Curieuse d’en savoir plus sur le cabinet, elle se décide à soumettre sa candidature. Alors qu’elle est séduite par l’équipe d’avocats qu’elle rencontre, ceux-ci s’illustrent autant dans des secteurs qui l’attirent, le public et le parapublic. Les juristes de Monette Barakett pratiquent aussi dans les domaines en haut de sa liste : le droit de la santé, le droit du travail et le litige civil.

Telle une vocation, Me Monet raconte cette sensation de « s’être sentie appelée » par le cabinet familial, où elle travaille depuis plus de trois ans.

Monette ou Monet?

Gustave Monette, l'arrière-grand-père d'Alice, a fondé un petit bureau d’avocats il y a 100 ans
Gustave Monette, l'arrière-grand-père d'Alice, a fondé un petit bureau d’avocats il y a 100 ans
Comment éviter de poser la question du changement de nom? « Ah! Celle-là il n’y a pas un client qui ne la pose pas! » dit-elle en rigolant. À l’aube de la Révolution tranquille, explique-t-elle, ses grands-parents ont senti le désir de renouer avec le nom de famille d’origine, Monet, issu d’une mentalité plus libérale et progressiste que Monette, qui avait une tradition idéologique plus conservatrice.
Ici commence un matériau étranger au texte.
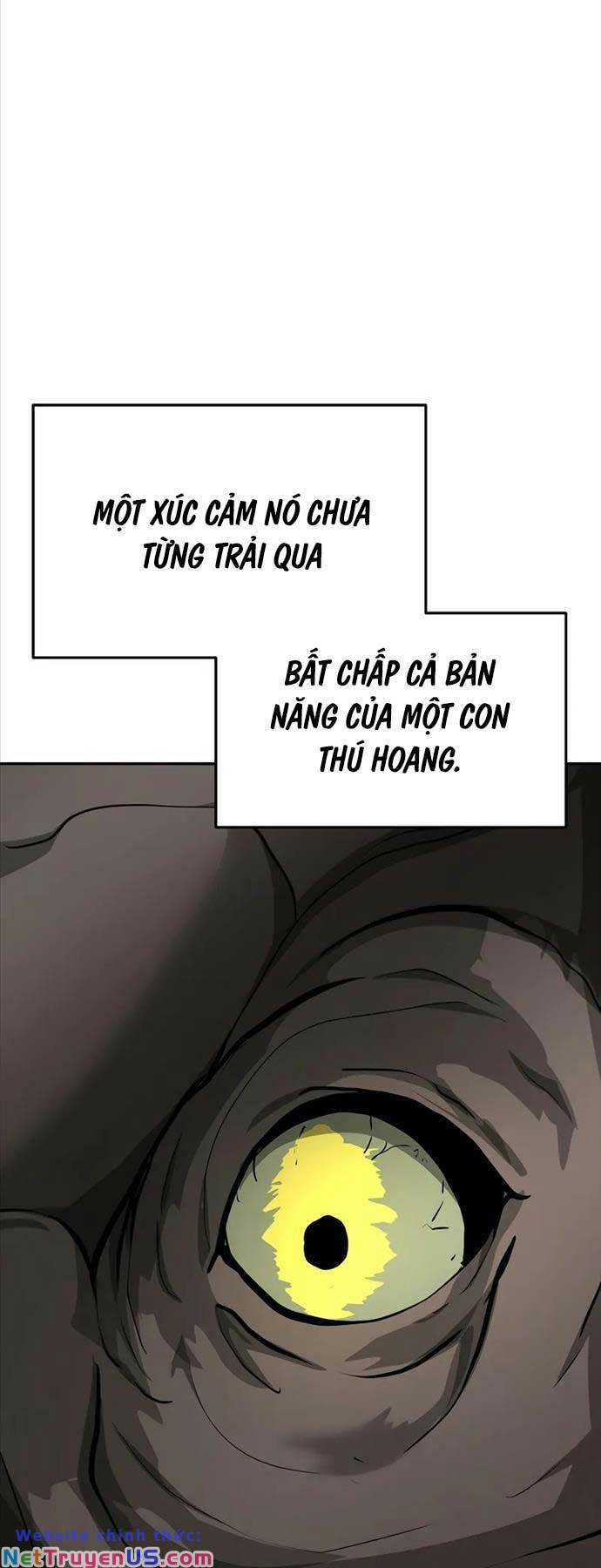 Vị Bạo Chúa Của Ngày Tận Thế Trở Lại Chapter 17 - Trang 25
Me Gustave Monette père s’inscrivait hautement dans cette tradition : lui qui a posé sa candidature pour le parti d’Henri Bourassa dans les années 30, a ensuite été bâtonnier du Québec puis nommé au Sénat par le gouvernement Diefenbaker en 1957. Plaideur reconnu devant les tribunaux, il a eu comme mandat de représenter Maurice Duplessis pour des causes constitutionnelles.

« Jusqu’à la toute fin de sa carrière, mon arrière-grand-père a joué un rôle incontournable dans la notoriété du cabinet. Son fils a été encouragé à jouer le même rôle », souligne Alice Monet.
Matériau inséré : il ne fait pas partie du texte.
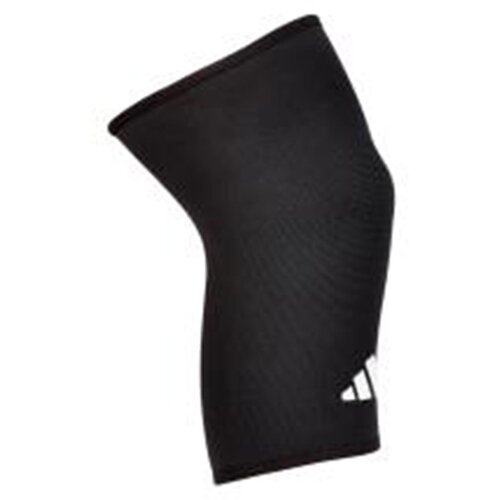 Adidas Steznik knee support - L Cene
Alors que le fondateur se retire du cabinet au début des années 60, son seul fils (d’une famille de 7 filles) Gustave Monette junior, se retrouve en plein cœur des réformes sociales qui débouchent sur la création des établissements de santé. Le cabinet qui avait parmi ses clients de nombreuses communautés religieuses est naturellement devenu partenaire des pionnières du réseau de la santé.

Quand on a le choix d’être avocat

Me Alice Monet a comme souvenir d'enfance son grand-père Gustave Monette junior entrain de peindre ces toiles colorées.
Me Alice Monet a comme souvenir d'enfance son grand-père Gustave Monette junior entrain de peindre ces toiles colorées.
« Mon père a été le premier d’une longue lignée a avoir le choix de faire autre chose que d’être avocat. Moi je suis la première à faire le choix de l’être! » lance Me Monet, fière de son parcours qui l’a ramené sur le chemin de ses aieux.

Les changements d’époque, de noms et de professions au sein de sa famille n’ont pas eu raison du cabinet qui a célébré ses 100 ans l’an dernier et qui résiste encore aux vagues de fusions et d’acquisitions.

Si Monette Barakett est encore un cabinet incontournable dans le réseau de la santé et de la sécurité au travail, « c’est grâce à tous les professionnels qui s’investissent dans cette entreprise », insiste Me Monet, qui ne pense pas que son nom de famille devrait lui donner plus de mérite que les autres.

« C’est bien de considérer l’héritage du passé, mais nous sommes résolument tournés vers l’avenir » conclut-elle en faisant un clin d’œil au slogan du cabinet.